[EXERCISE GOAL]
Would you retype the whole listing verbatim, keeping pictures out of it?

[PROVIDED MATERIAL]
_ _ _ _ _
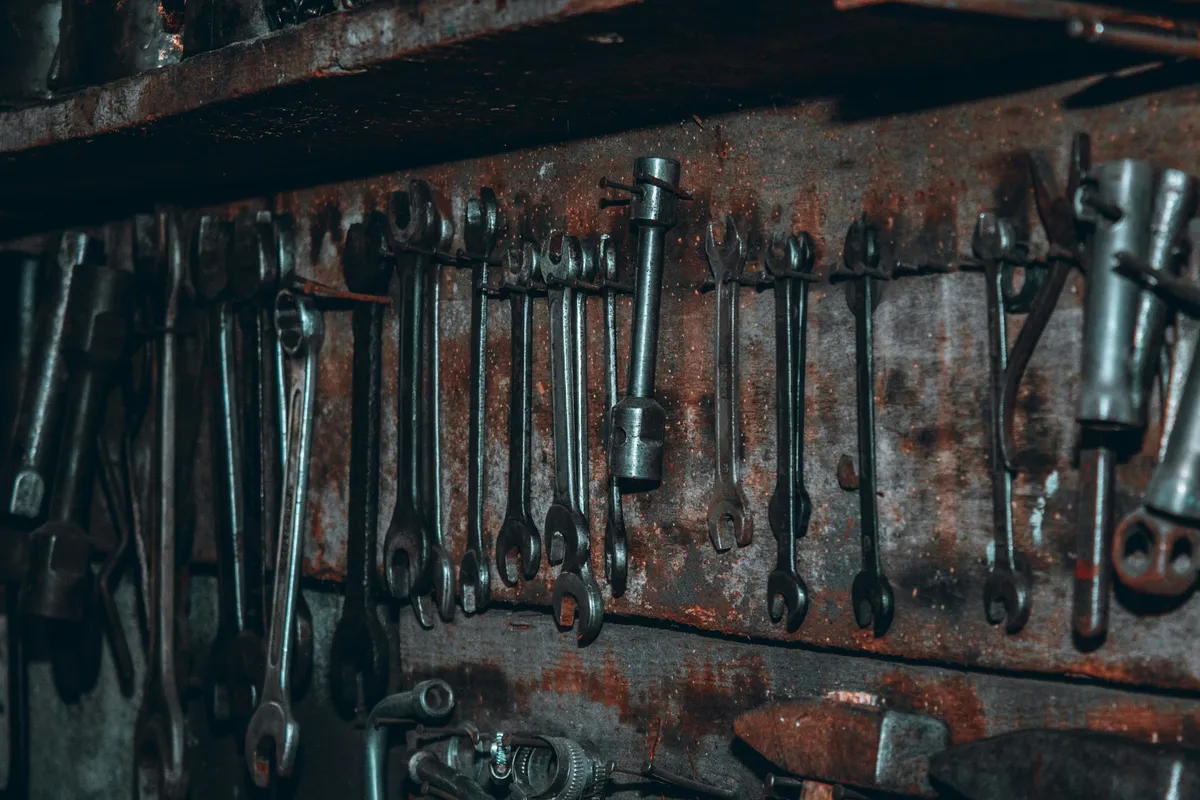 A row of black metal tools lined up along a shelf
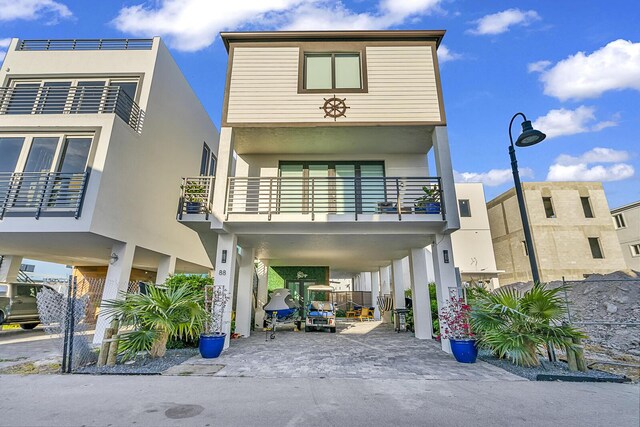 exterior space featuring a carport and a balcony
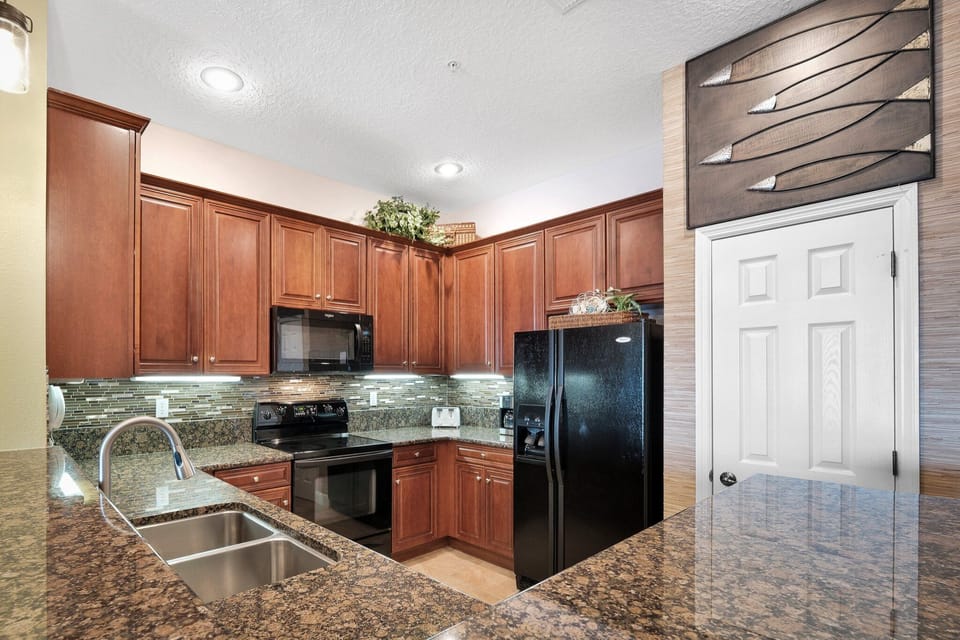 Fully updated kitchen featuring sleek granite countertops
_ _ _ _ _
[WRITTEN RESPONSE]
 A row of black metal tools lined up along a shelf
 exterior space featuring a carport and a balcony
 Fully updated kitchen featuring sleek granite countertops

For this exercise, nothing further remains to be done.